Available in Nusah Ashekenaz and Nusah Edot HaMizrah
As the designer, The Koren Children’s Siddur is very close to my heart but it goes beyond just another book in which I take pride. The Children’s Siddur has allowed me to help my children begin their tefilla journey. Through reflection, connection, and learning, using beautiful illustrations (by Rinat Gilboa) and pointed questions on every page there is an opportunity to connect to the tefilla in a deep and meaningful way. It also allowed me to open up a dialog with them and engage them in thought provoking ideas. It’s the perfect first Siddur!

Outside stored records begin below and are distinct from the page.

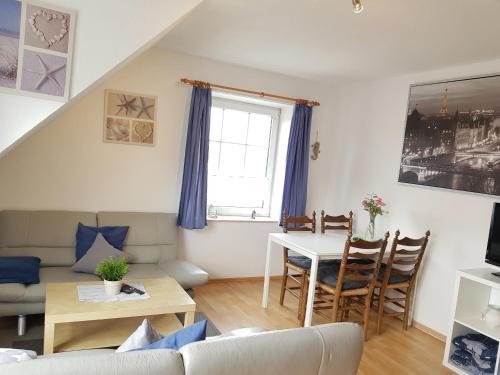 Ferienhaus Poseidon — 4-Star Luxury Hotel in Neuharlingersiel, Germany
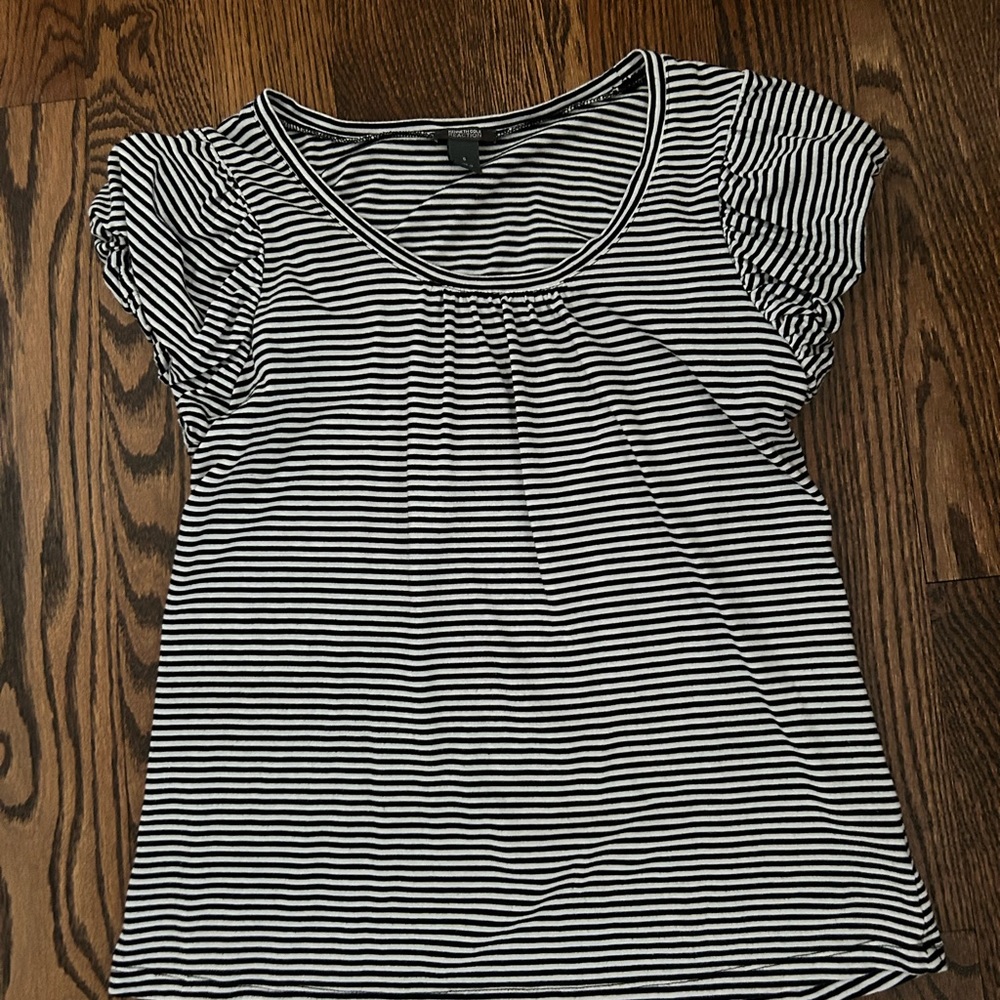 Kenneth Cole women’s top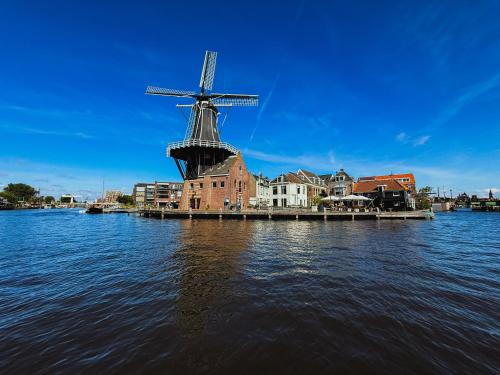 B&B De Amsterdamse Poort in Spaarnwouderbuurt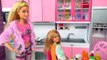 Barbie Sisters Bunk Bed Bedroom Morning Routine Playing with Doll House Bathroom Tub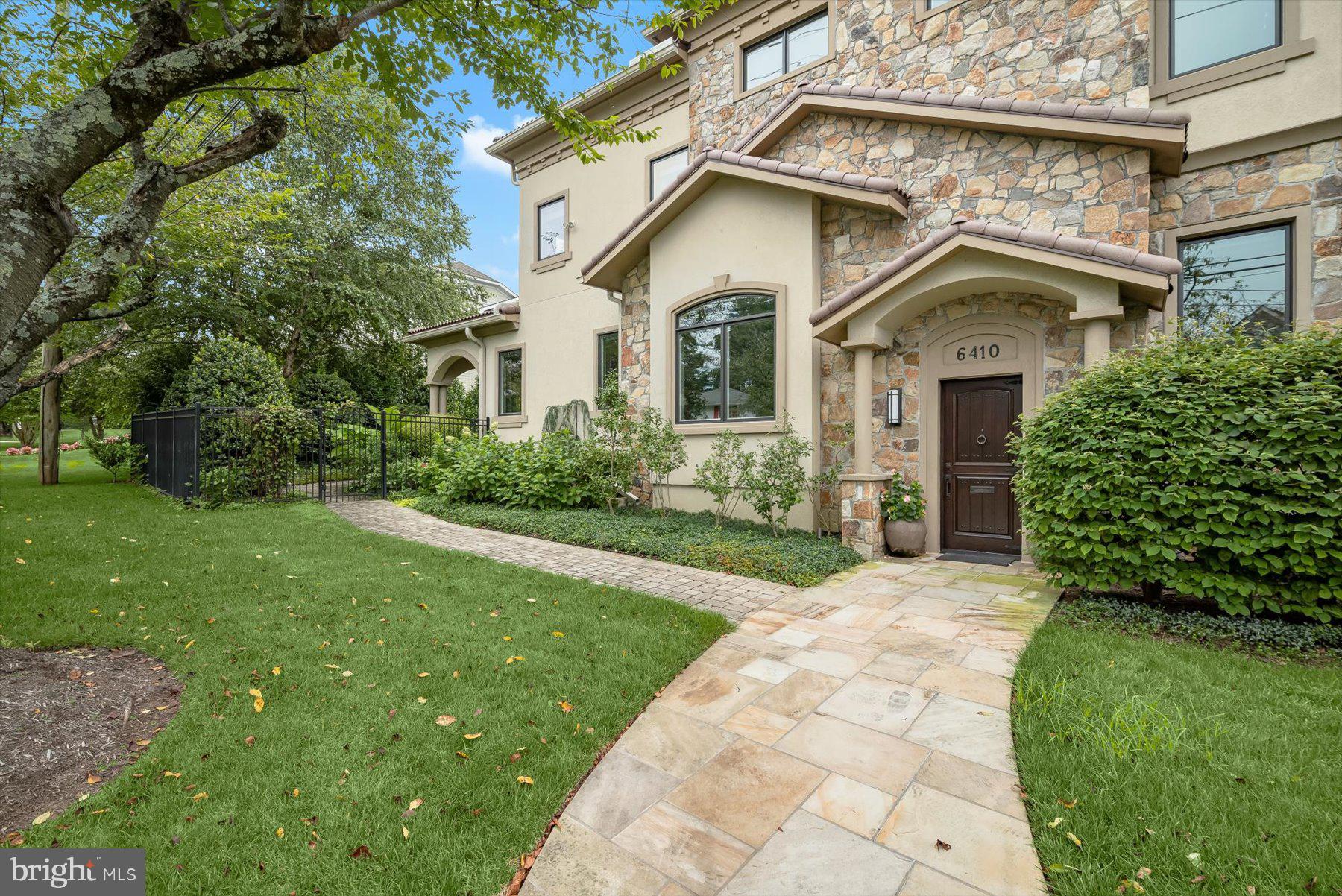 OAKWOOD KNOLLS - Residential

I have to admit, that this Gemara card saved me when I was trying to help my seventh grader study for his first Gemara test. The Gemara card has over 700 terms translated from Aramaic to Hebrew (or English) and is color coded to help locate all its contents in seconds. I was so excited about it that I bought 40 and gave them out at his Bar Mitzva last month, they were snatched up by kids and adults alike. It’s also customizable!
by Enya Keshet
Enya Keshet is an Israeli artist who has created a stunning collection of 28 tefillot for women. The beautifully and colorfully designed tefillot correspond to a woman’s complete life cycle, from the birth of a daughter, a bat mitzva, for a bride, during pregnancy, on parenting, and more. This book is both beautiful and meaningful and is a must have. One of my favorite tefillot is the one for raising children. Both the words and the illustration reflect a deep understanding of what every parent hopes to be for their children, while still accepting our personal fallibilities.
by Rabbi Natan Slifkin
My children pore over this book for hours. Rabbi Slifkin, affectionately known as the Zoo Rabbi, is famous for his expertise on the animal kingdom, both real and mythical, of the Tanakh and Talmud. In this book he stunning photographs as well as the fascinating detailed descriptions of the identities of each of the animals found in Tanakh make it a unique and very educational experience for all. It’s the kind of book you want out on your coffee table because it’s beautiful and engages everyone who looks at it.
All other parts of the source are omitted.